==== Supplied data
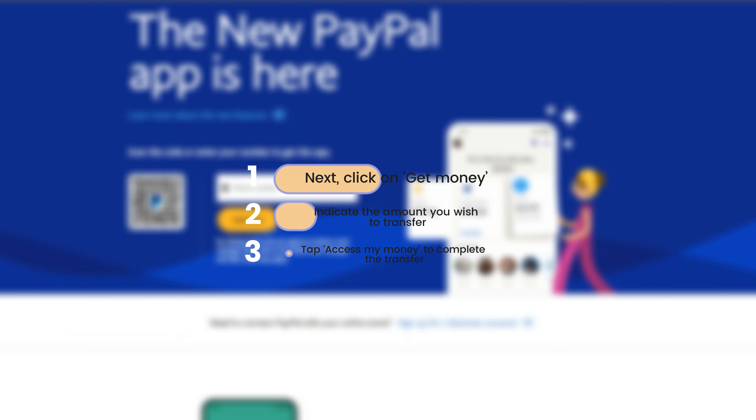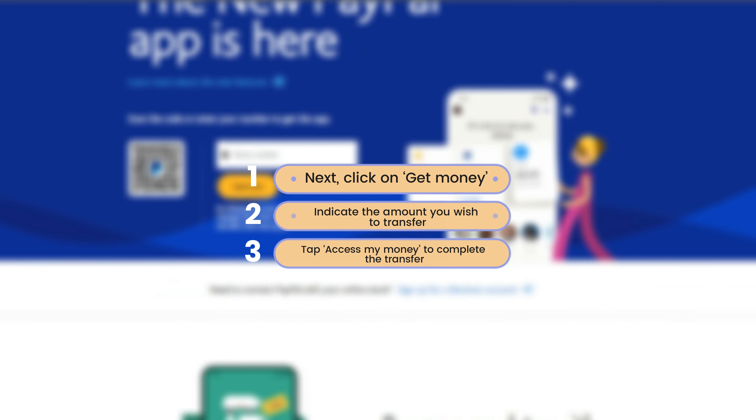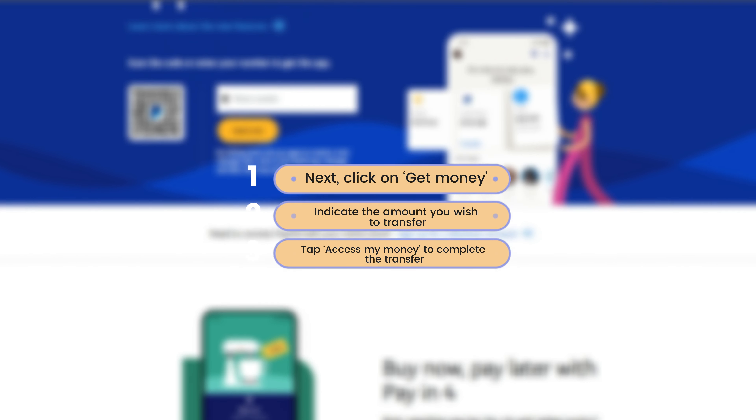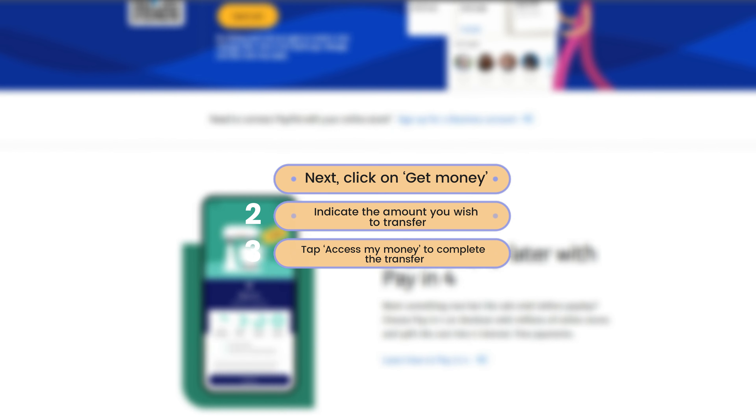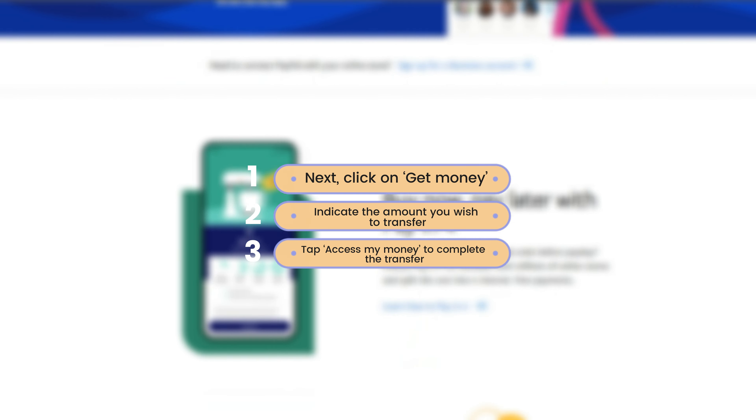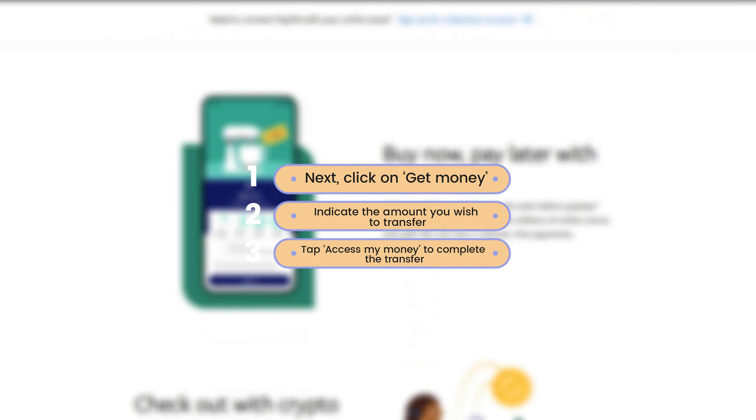Next, click on Get Money. Indicate the amount you wish to transfer, then tap Access My Money to complete the transfer.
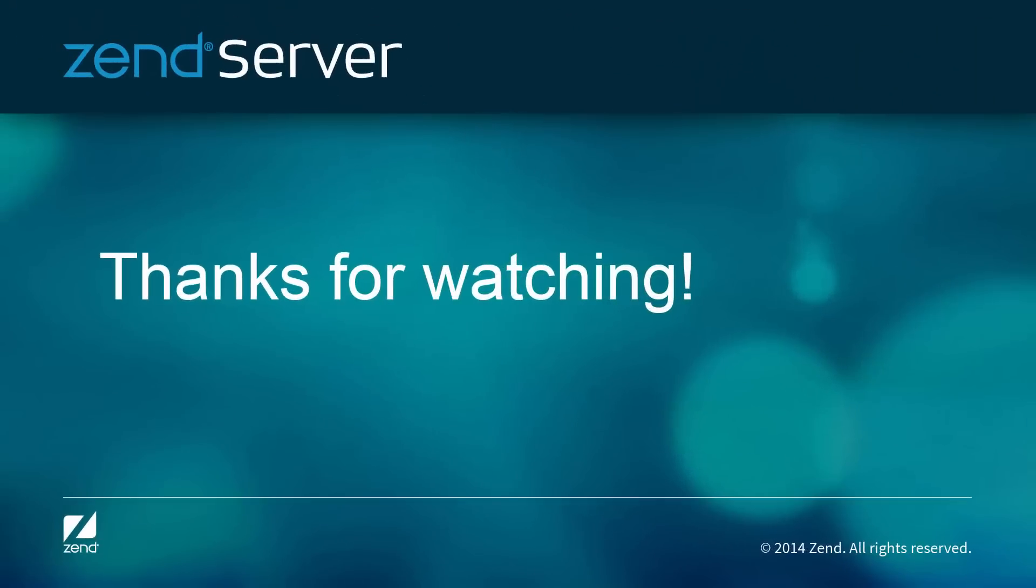Well done, you've successfully installed Zend Server. Your next step is to launch Zend Server. See the next Getting Started with Zend Server video for details on how to do this.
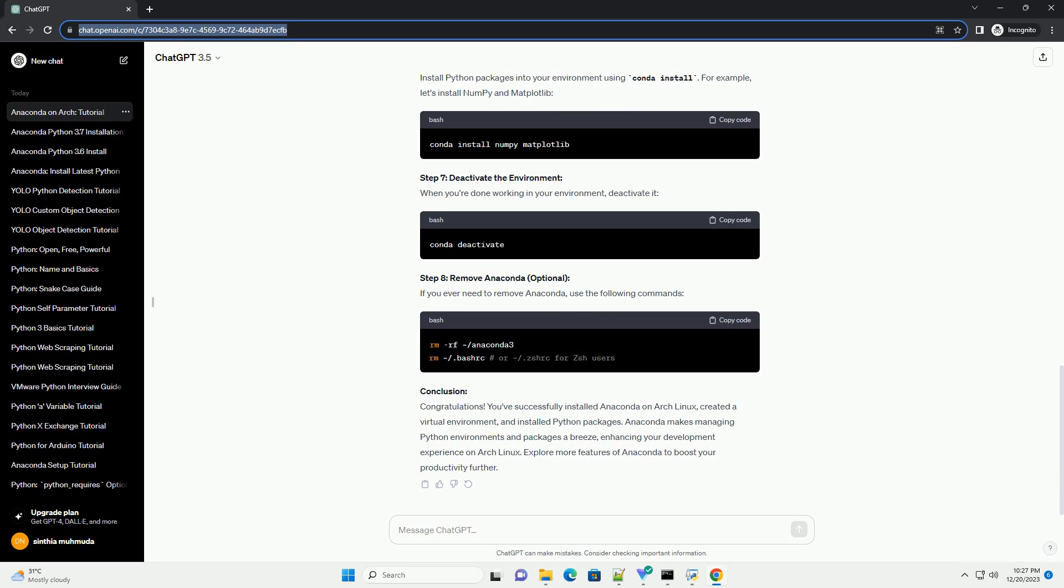Step 3: Activate Anaconda. Close and reopen your terminal or run the following command to update your shell, or for ZSH users.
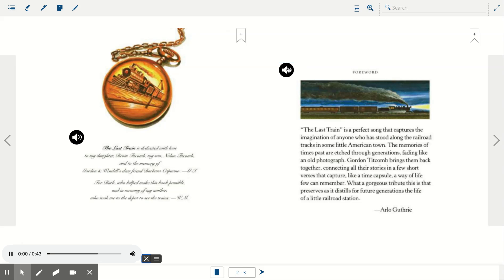Forward. The Last Train is a perfect song that captures the imagination of anyone who has stood along the railroad tracks in some little American town. The memories of times past are etched through generations, fading like an old photograph.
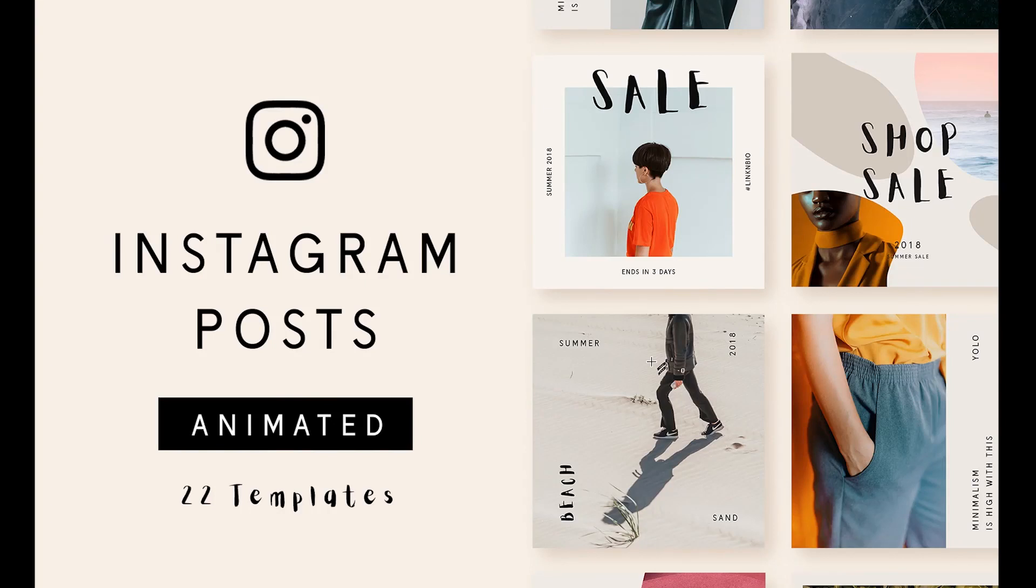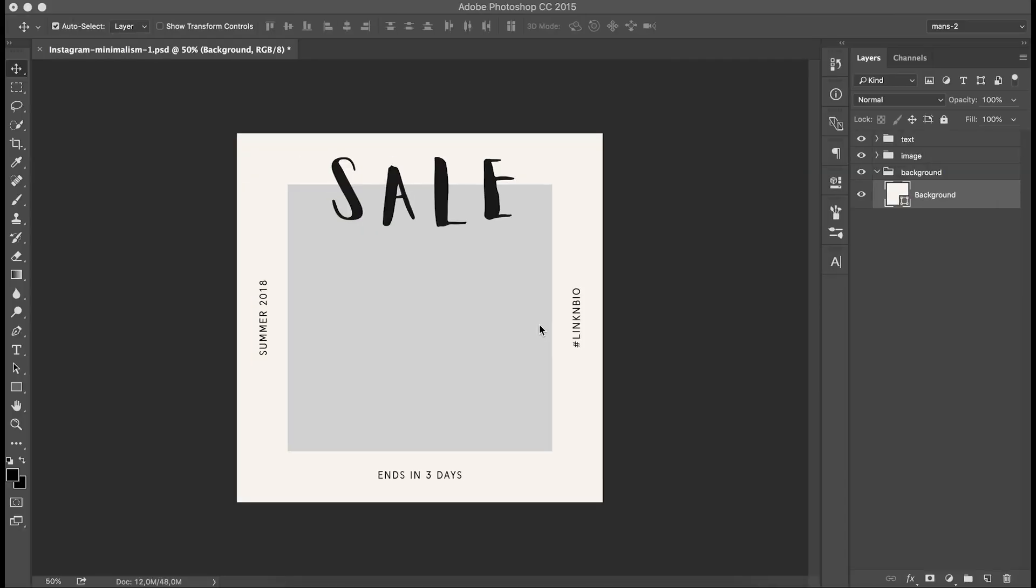Hello guys, thanks for checking out our latest product which is the Instagram animated posts template. In this short video I'm going to show you how to use the template and export the video file for Instagram. Once you open up one of the template files you can see on the right side three groups: text, image and background.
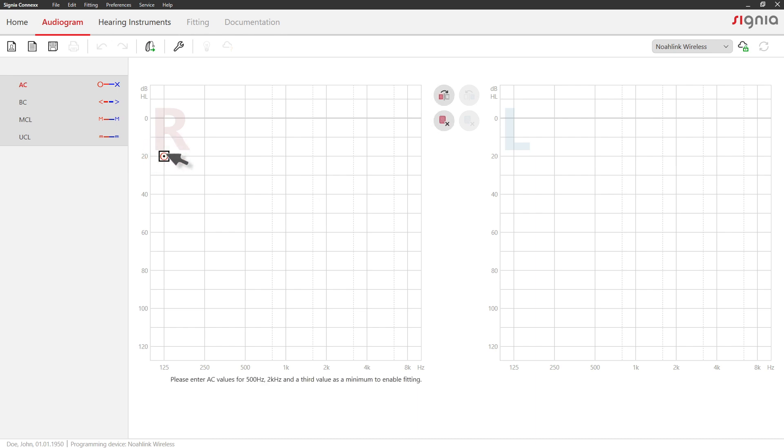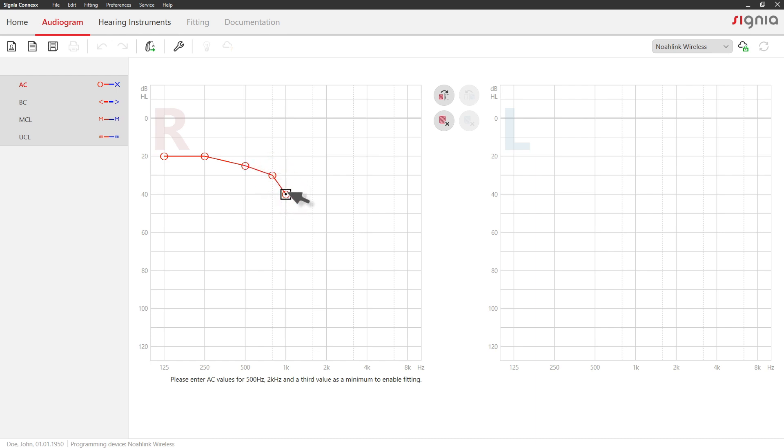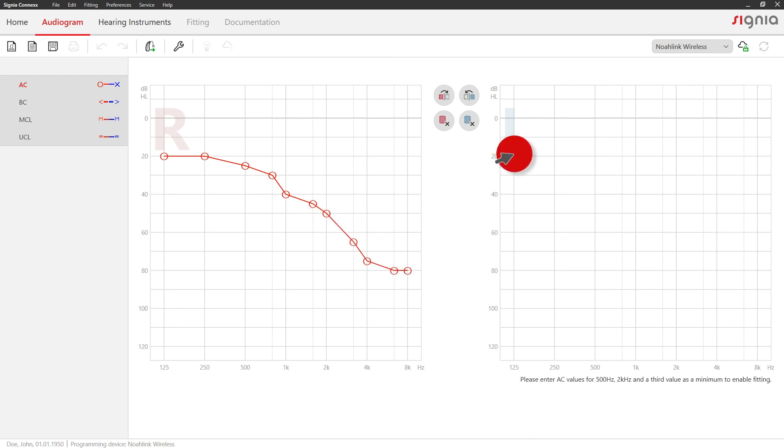Now enter the audiogram data for the right ear by double-clicking the respective values. Afterwards, please enter the audiogram data for the left ear.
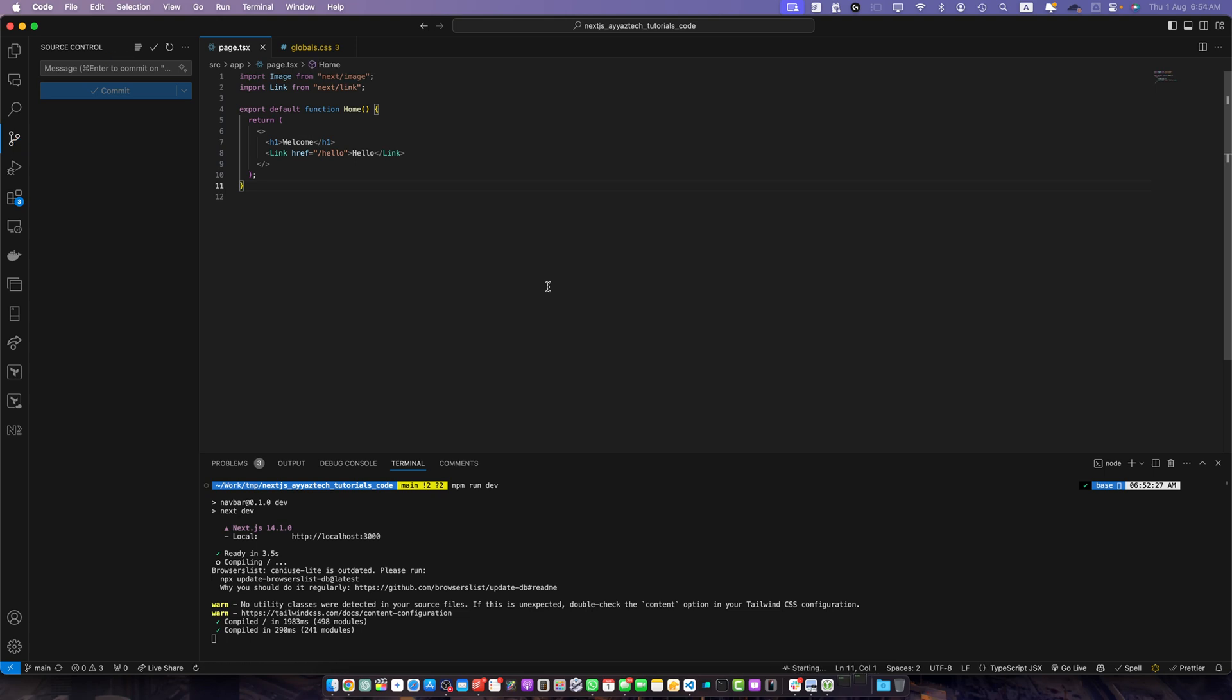Welcome to IaaSTech. In today's tutorial we will walk you through the process of installing and setting up SharedCN UI in your Next.js project.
========
### Task directions
Take the lines of the material above from the first through the one containing "Well done, you've", both included, and print them exactly without the pictures.

### Solution for this exercise
Next, click on Get Money. Indicate the amount you wish to transfer, then tap Access My Money to complete the transfer.
Well done, you've successfully installed Zend Server. Your next step is to launch Zend Server. See the next Getting Started with Zend Server video for details on how to do this.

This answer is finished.